The Largest Gathering Of The Global Indian Family: Neoliberalism, Nationalism, And Diaspora At Pravasi Bharatiya Divas

Document Type

Article

Publication Date

Spring 2008

Published In

Diaspora

Abstract

Mani and Varadarajan examine the first annual Pravasi Bharatiya Divas (“Day of Indians Abroad”), a conference organized by India’s government that in 2003 attracted more than 2,000 persons of Indian origin from around the world, including the descendants of indentured laborers in the Caribbean as well as Silicon Valley professionals.

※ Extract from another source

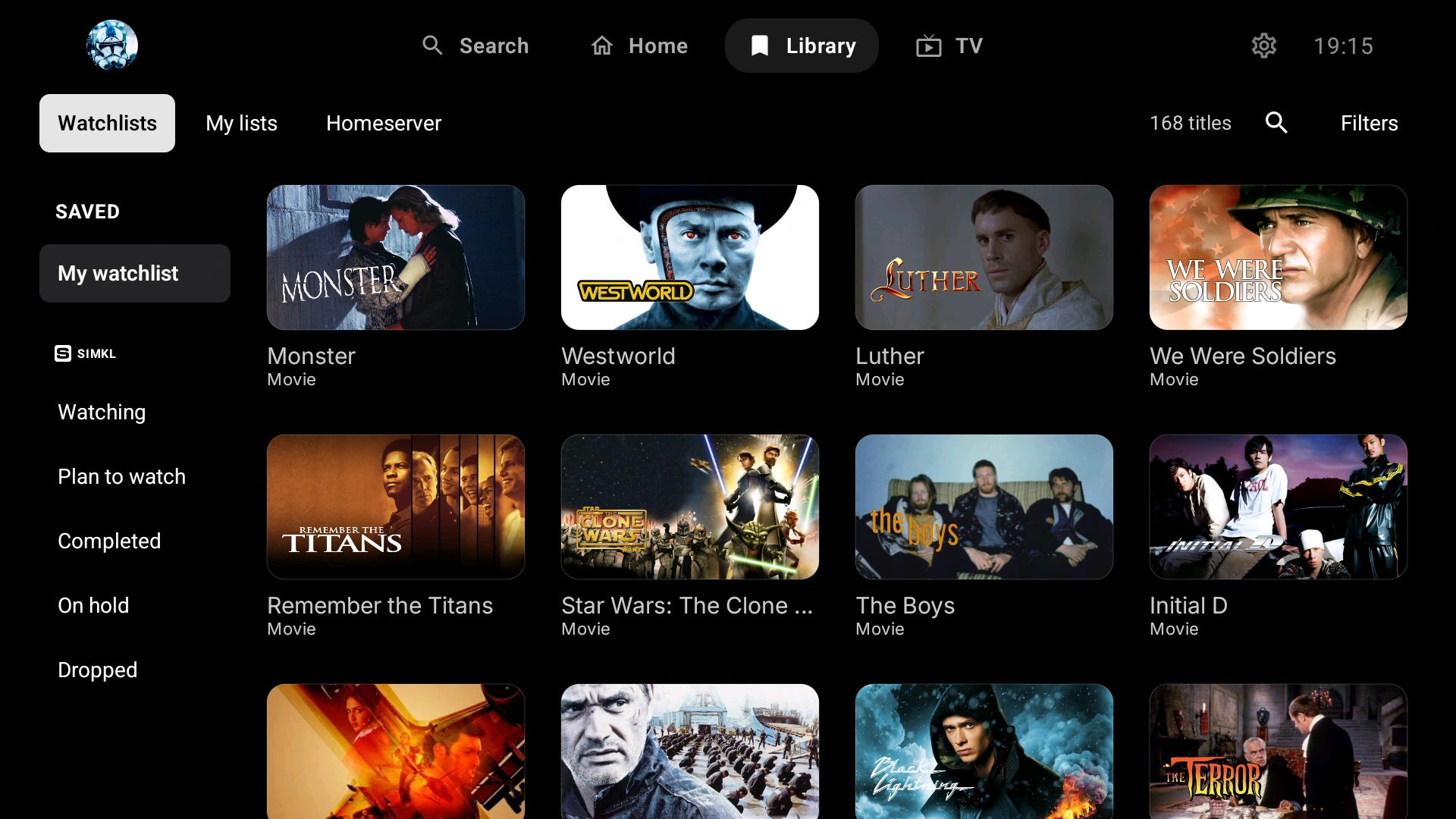 ARVIO 2.0 tv · Library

Culminating a decade of neoliberal economic reforms initiated by the Indian government, this and other Pravasi Bharatiya Divas conferences inaugurated a new cultural, historical, and political relationship between the Indian state and its diasporas. Working from disciplinary standpoints in political science and cultural studies, the authors explore the intersection of ideologies of nationalism, neoliberalism, and diaspora in modern India. They first discuss the ways in which diverse histories and experiences of immigration were consolidated into a singular category of “diaspora,” provoking ambivalence and resistance from some delegates. Second, they situate the conference within a longer of history of interactions between the colonial and postcolonial Indian state and overseas Indian populations, arguing that Pravasi Bharatiya Divas marked a radical departure from previous government policies toward non-resident Indian (NRI) and person of Indian origin (PIO) population, by rhetorically evoking an unbroken link between “Mother India” and her “children abroad.” As such, it marked a serious attempt by the Indian state to redefine its position on the world stage. Third, the authors examine the ways in which the new “global” India produced onstage at Pravasi Bharatiya Divas was prefigured through the institutionalization of neoliberal economic policies from 1991 onward. They conclude by arguing that celebrations like Pravasi Bharatiya Divas enable us to understand how postcolonial states actively constitute diasporas as national subjects. By redefining the domain of the “national,” Pravasi Bharatiya Divas reasserts the relevance of the state in the contemporary era of globalization.